[Opening SUPPLIED MATERIAL section]

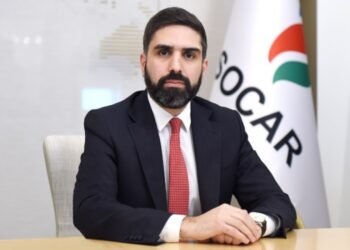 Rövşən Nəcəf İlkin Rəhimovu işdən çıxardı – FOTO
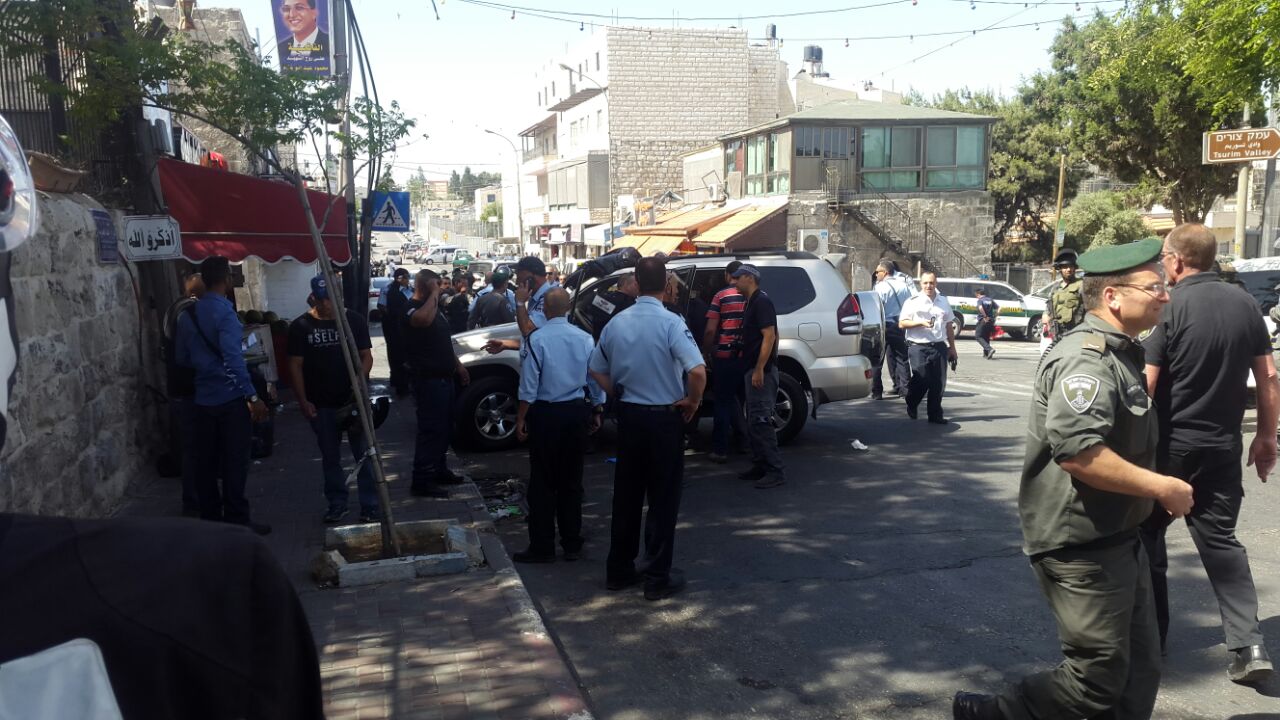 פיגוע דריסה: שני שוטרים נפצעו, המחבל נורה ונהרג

[Closing SUPPLIED MATERIAL section]
[Opening SUPPLIED MATERIAL section]

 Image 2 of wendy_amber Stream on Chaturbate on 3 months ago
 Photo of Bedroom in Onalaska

[Closing SUPPLIED MATERIAL section]
[Opening SUPPLIED MATERIAL section]

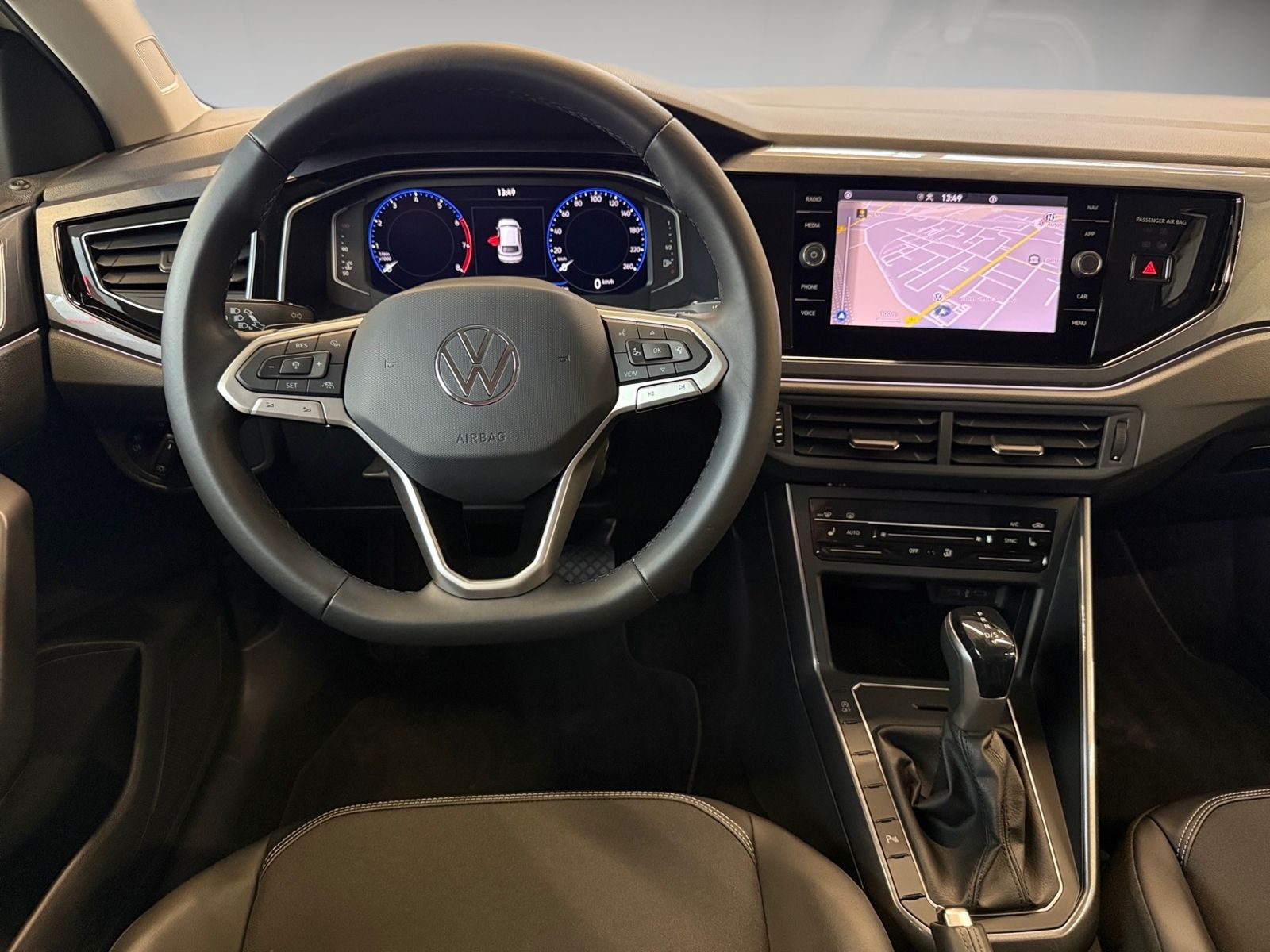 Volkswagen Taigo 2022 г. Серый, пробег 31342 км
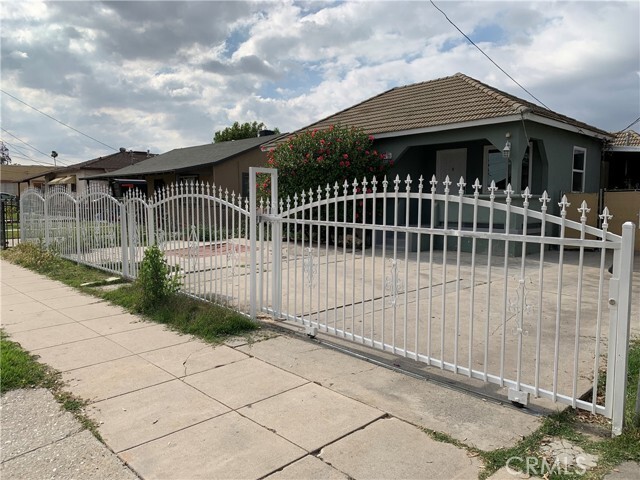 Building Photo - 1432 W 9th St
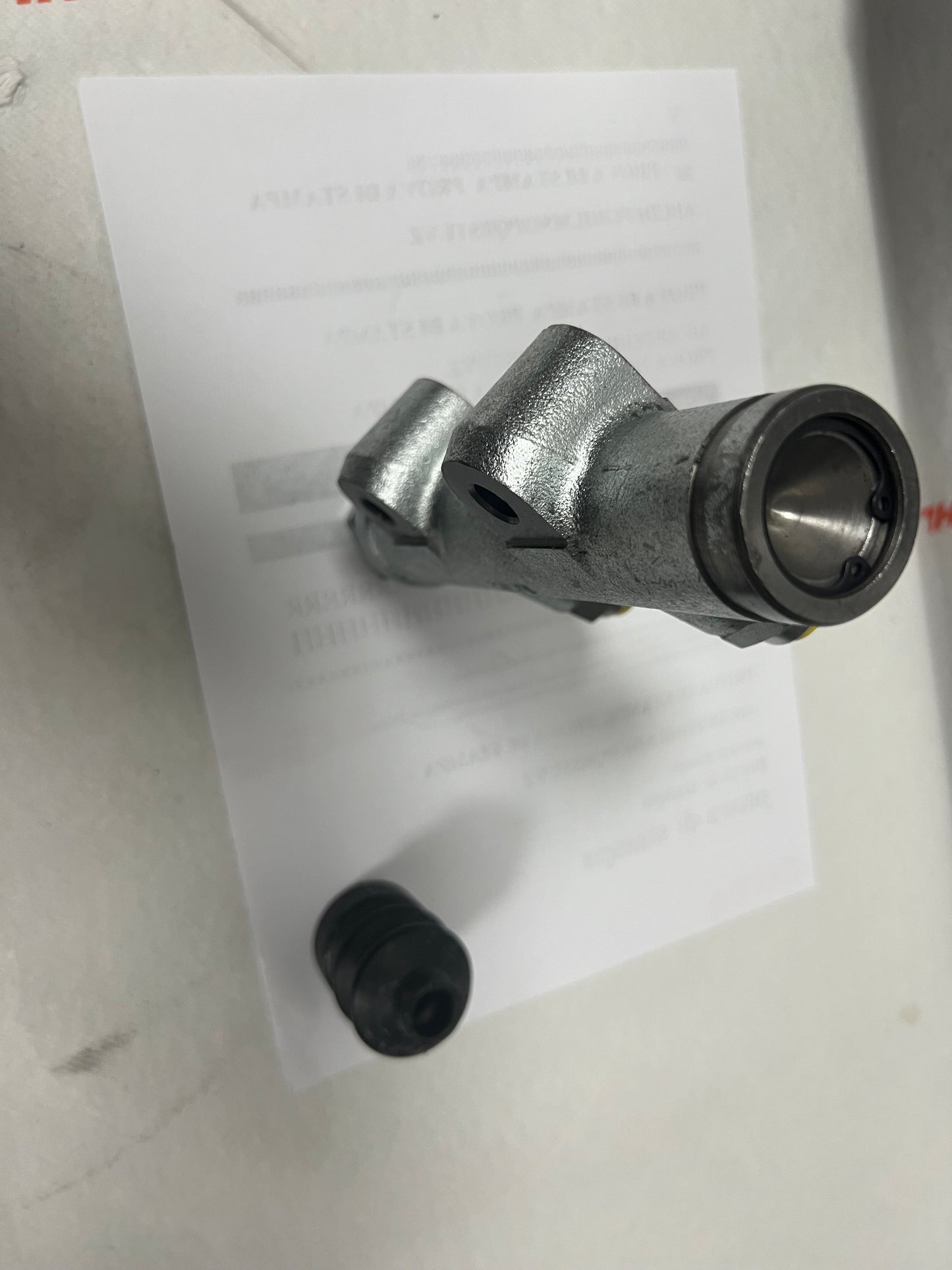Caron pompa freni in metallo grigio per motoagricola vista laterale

[Closing SUPPLIED MATERIAL section]

• _WHAT TO DO_:
Transcribe the lines above between the line holding "Image 2 of wendy_amber" and the line holding "Photo of Bedroom in Onalaska", inclusive, exactly as they stand and with nothing added.

• _OUTPUT OF THE EXERCISE_:
 Image 2 of wendy_amber Stream on Chaturbate on 3 months ago
 Photo of Bedroom in Onalaska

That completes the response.